DA service was available to all utility customers in 2001 until its suspension effective on September 20.46 CLECA argues that there is no reason why bundled customers in a class or rate group that happens to have a significant amount of direct access load should bear a greater share of the CRS undercollection burden than bundled customers in other classes. Industrial bundled service customers are no more responsible for the decision of some customers to choose direct access than are bundled residential customers. CLECA notes that the subsidy created by several other programs, the benefits of which are only available to one customer class, are explicitly spread to all customers. The costs of these programs are explicitly spread to all bundled sales without regard to participation levels by customer class or rate group.
Further, unlike the CRS shortfall, these programs do not contemplate any repayment obligation by the beneficiaries, but are simply subsidies covered by other customers and sales. In contrast, the CRS undercollection is a loan from bundled customers to direct access customers. It is not a subsidy or payment, but will be repaid with interest.
CLECA witness Barkovich testified that the allocation of the shortfall on the basis of direct access sales by customer group would have a severely disproportionate impact on Edison's TOU-8-Sub customers.47 Using CLECA's recommended Scenario 14 results, the indicated maximum undercollection would result in an impact of roughly 0.3cents per kWh if spread to all bundled sales uniformly, but would cause a more significant 1.7cents per kWh impact on the bundled service customers in TOU-8-Sub if spread on the basis of the TURN proposal. The impact on these customers is nearly six times as great under the TURN approach. Further, if another scenario is adopted, or if the maximum undercollection exceeds that indicated in Scenario 14, the adverse result is magnified.
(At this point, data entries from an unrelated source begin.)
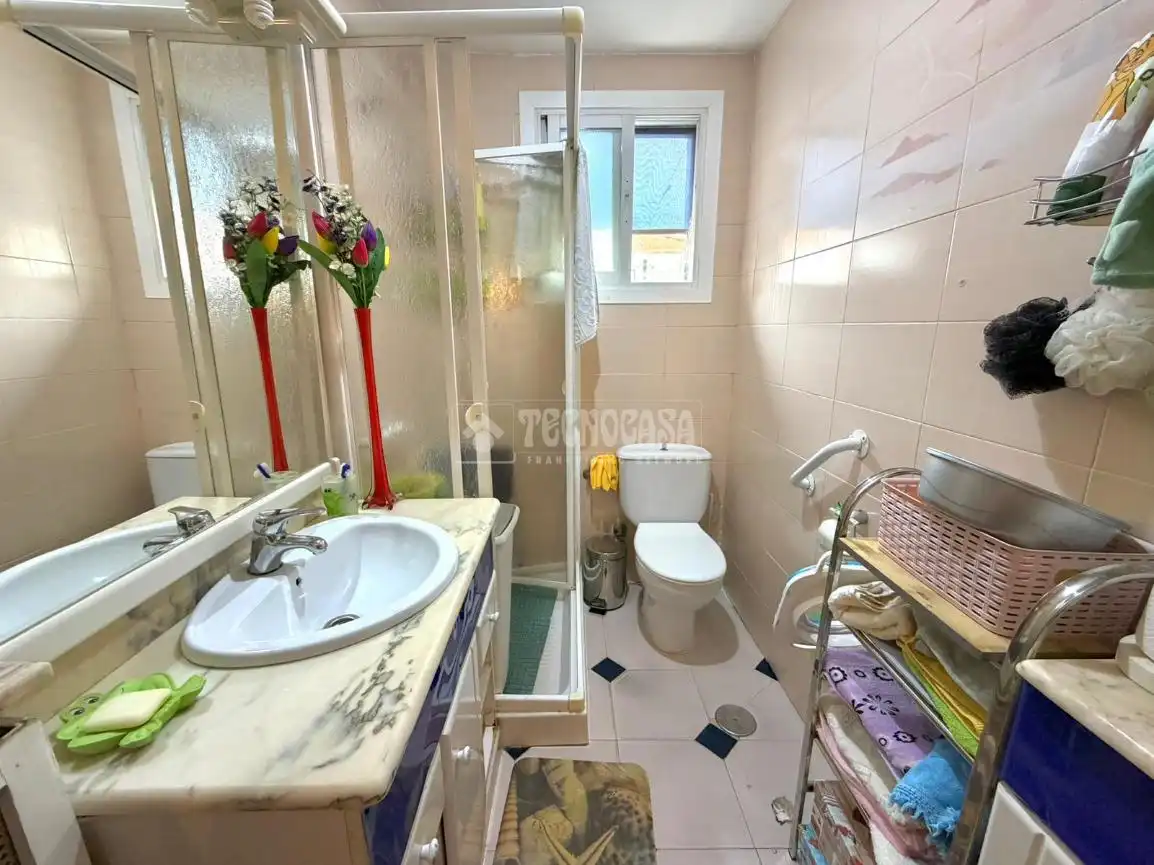 Baño de Casa o chalet en venta en San Martín de la Vega con Calefacción, Jardín privado y Terraza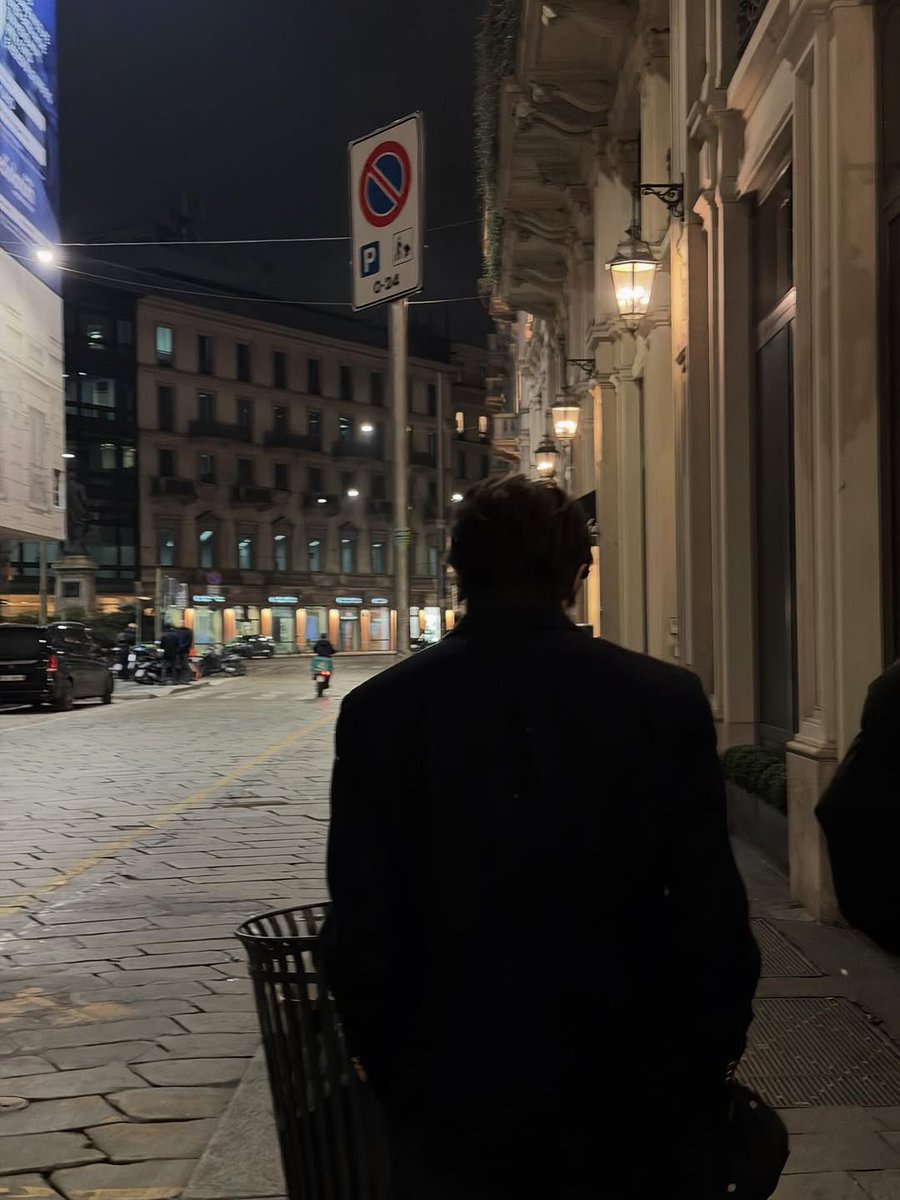 twinkhae's tweet image. he's so boyfriend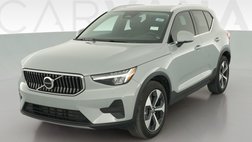 2025 Volvo XC40 B5 Core Bright Theme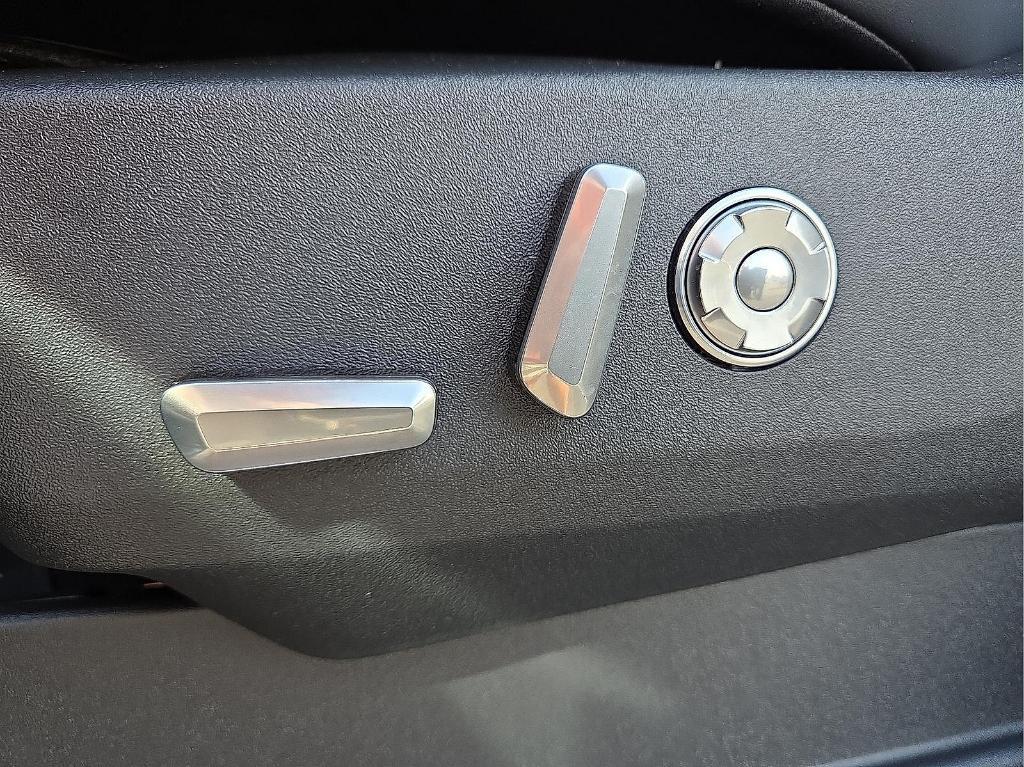 new 2025 Lincoln Navigator car, priced at $102,885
Adoption of the Base Case Scenario 6 maximum undercollection of $505 million would result in a rate impact on these TOU-8-Sub bundled service customers of well in excess of 4 cents per kWh,48 nearly as much as some of them were paying for their full utility service in 2000 before the energy crisis hit California.
CLECA argues that there is no logical basis to impose this sort of penalty on the very large industrial customers who bore the brunt of the Commission's surcharge increases in January and June of 2001, and that such an allocation of the CRS shortfall would be bad public policy, and bad for the State's economy.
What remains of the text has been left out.